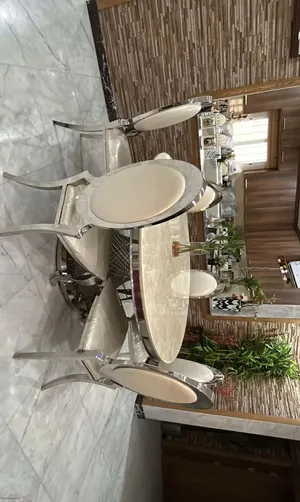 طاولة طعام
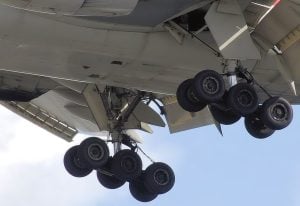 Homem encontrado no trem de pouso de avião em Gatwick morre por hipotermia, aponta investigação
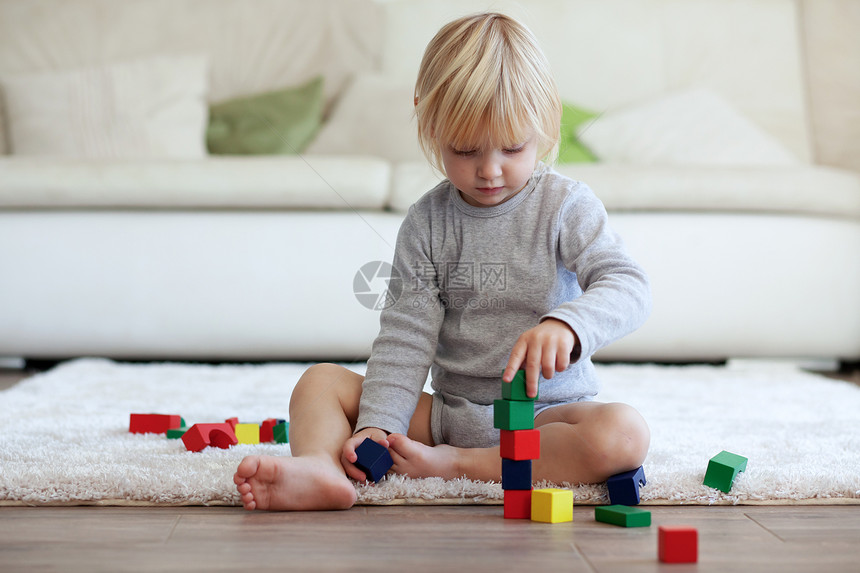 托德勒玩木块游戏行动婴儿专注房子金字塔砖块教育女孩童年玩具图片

...

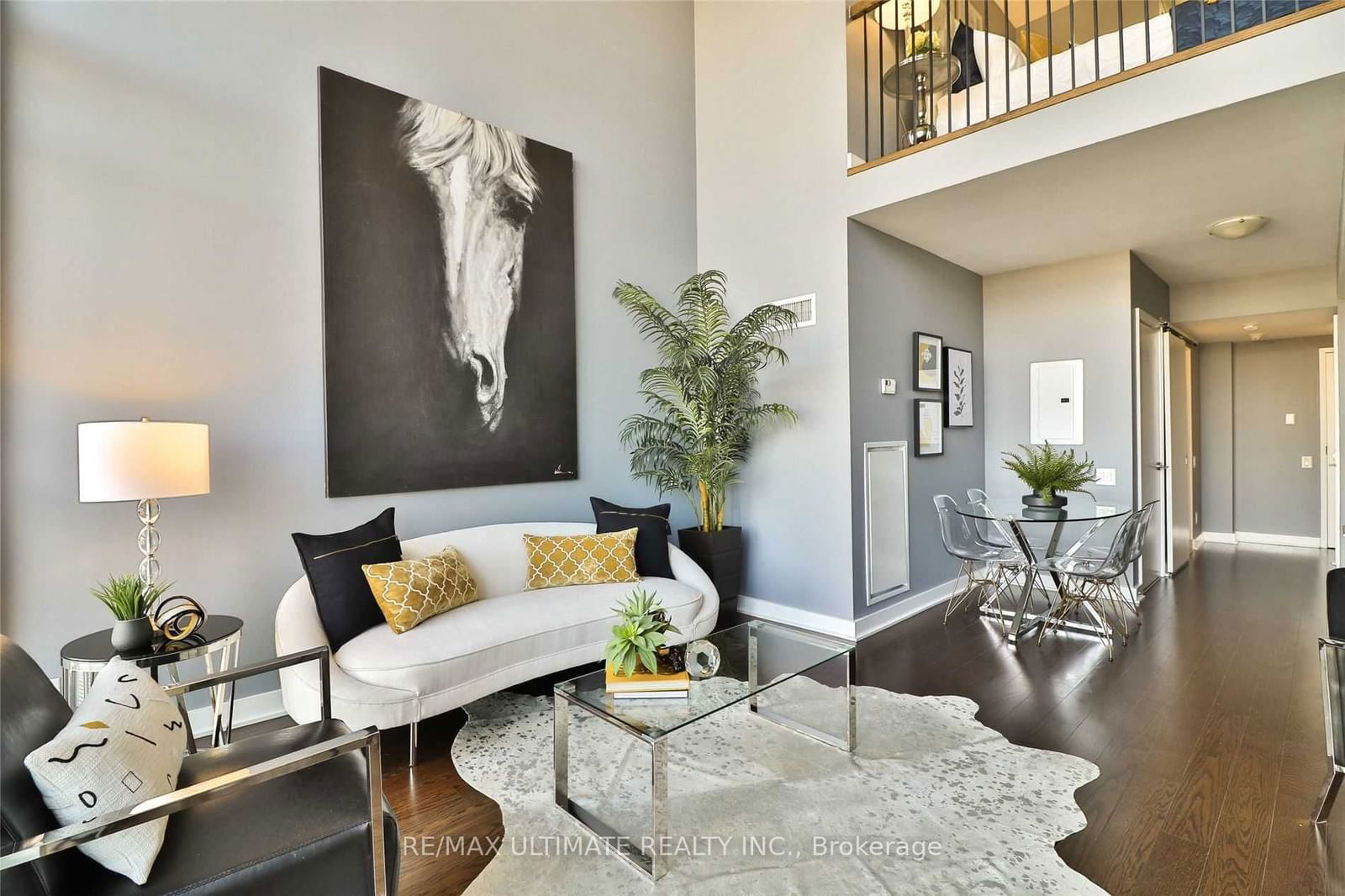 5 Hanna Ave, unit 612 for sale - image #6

Your assignment: Using the records above, return verbatim only the part that opens with the line containing "Homem encontrado no" and closes with the line containing "托德勒玩木块游戏行动婴儿专注房子金字塔砖块教育女孩童年玩具图片"; pictures stay out.

Final answer:
 Homem encontrado no trem de pouso de avião em Gatwick morre por hipotermia, aponta investigação
 托德勒玩木块游戏行动婴儿专注房子金字塔砖块教育女孩童年玩具图片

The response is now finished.